This is a learning project assigned by The Odin Project, which is a self-driven bootcamp for front-end developer skills. The To-do List project (found here) asks the learner to develop a web app that manages task lists. Several features are specificed, including the ability to manage multiple lists, the ability to sort tasks and lists, and the ability to save and retrieve data using the browser's local storage.
You can play with a live demo here.
I set out to use this project for improving my software architecture skill in Javascript. As such, I focused on the quality of my JS code more than the quality of my design and CSS code. The app has a simple design with no fancy features or branding.
On the other hand, the JS is designed with scalability, modularity, and testability in mind.
- I organized the application into modules and module libraries, minimizing the "interface surface area" that modules exposed to one another.
- I used ES6 classes to implement clean data interfaces between pieces of code, as well as to encapsulate state and behavior into coherent units of logic.
- Initially, I worked with factory functions instead of classes because they're "more pure" implementations of JS object oriented programming. But the main benefit of being able to control the public interface of an object using closures was made unnecessary by ES6 modules. The modules were already defining which functions and objects were public (exported) to other modules. Moreover, it wasn't possible to create an enumeration type using factory functions; I had to use an ES6 class for that. So I decided to just go with the flow and use classes everywhere.

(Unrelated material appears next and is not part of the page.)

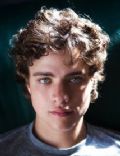Douglas Smith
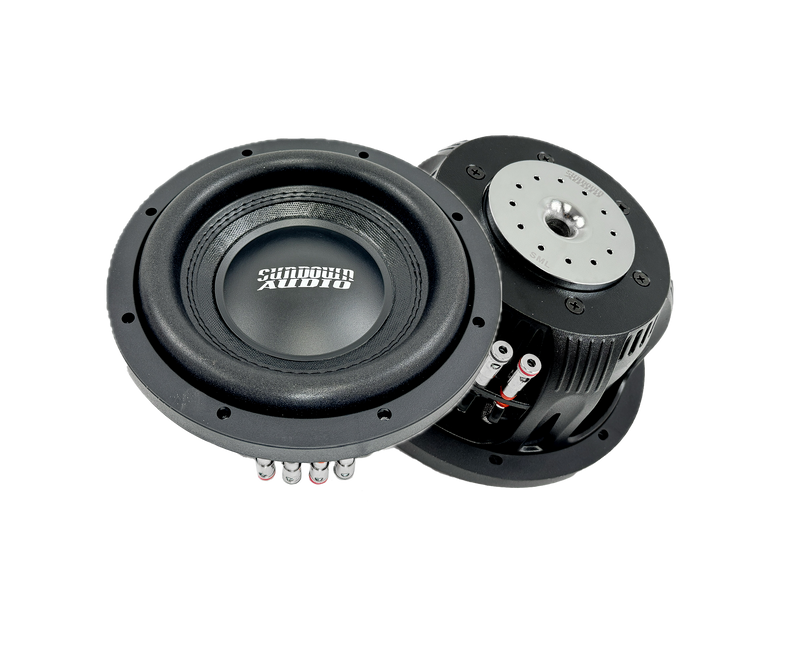Used SML-Series 8" Thin Subwoofer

- I architected the app using Model-View-Presenter architecture. This helped me to avoid tightly coupling the model and view layers. It also helped me to think about how the model and view had to be orchestrated in order to present the app to the user.
- I didn't develop tests for this very small app, but if I would, testing the model would be much easier with MVP than without. I could also test the presenter by swapping out the view module with one that doesn't rely on browser APIs.

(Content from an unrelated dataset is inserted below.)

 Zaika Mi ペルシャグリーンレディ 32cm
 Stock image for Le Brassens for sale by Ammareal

Because this is a "school project" in the middle of the curriculum, I'm not going to spend too much time polishing it. My main learning objectives have been achieved. Here are features that I might finish implementing someday:
- There's no UI for sorting the to-do items. I implemented the sorting logic in the Model, but I haven't yet rigged it up to the View.

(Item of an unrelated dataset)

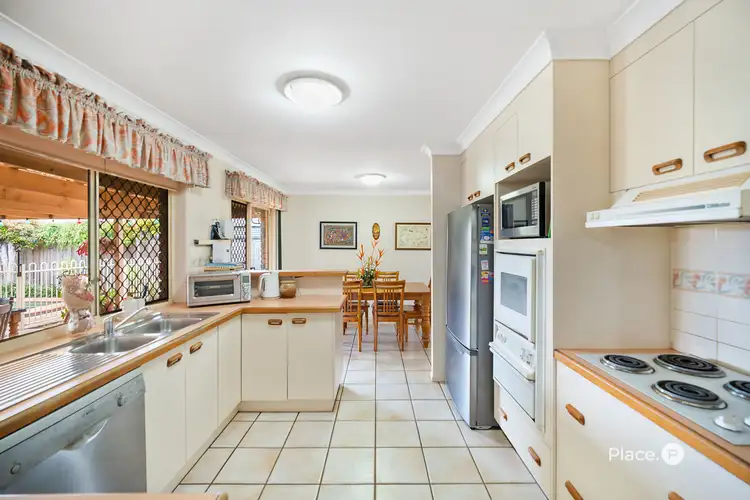 Second view of Homely house listing, 12 Tamarisk Way, Drewvale QLD 4116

- Input values aren't being validated. It's entirely possible to create situations that throw uncaught exceptions. I should add validation logic to the View/Presenter that protects the Model from pollution, and protects the View from getting into unhappy states.
- The app auto-saves itself on every model data change. I should really use a "debounce" or "timeout" pattern that watches for a series of change callbacks and then takes one save action at the end of them. Some kind of timeout mechanism will have to be used.
- All the deadline dates are bold red text. That should only be true for those within a certain proximity to Date.now(). I should define a CSS class for that style and apply it dynamically when creating the .item-card.
- Despite my best effort at using an enumeration class for priority values, I was forced at various points to reduce it to numbers and strings. This creates tight coupling among all the pieces of code using those string and number values. How can I really decouple them? Maybe the enum just isn't a clean, native part of Javascript...
- Webpack is warning me that the packed JS and CSS files are too big for good web performance. I could address this by learning how to lazy-load parts of the application.
Just some miscellaneous notes and reminders for when I come back to this project later...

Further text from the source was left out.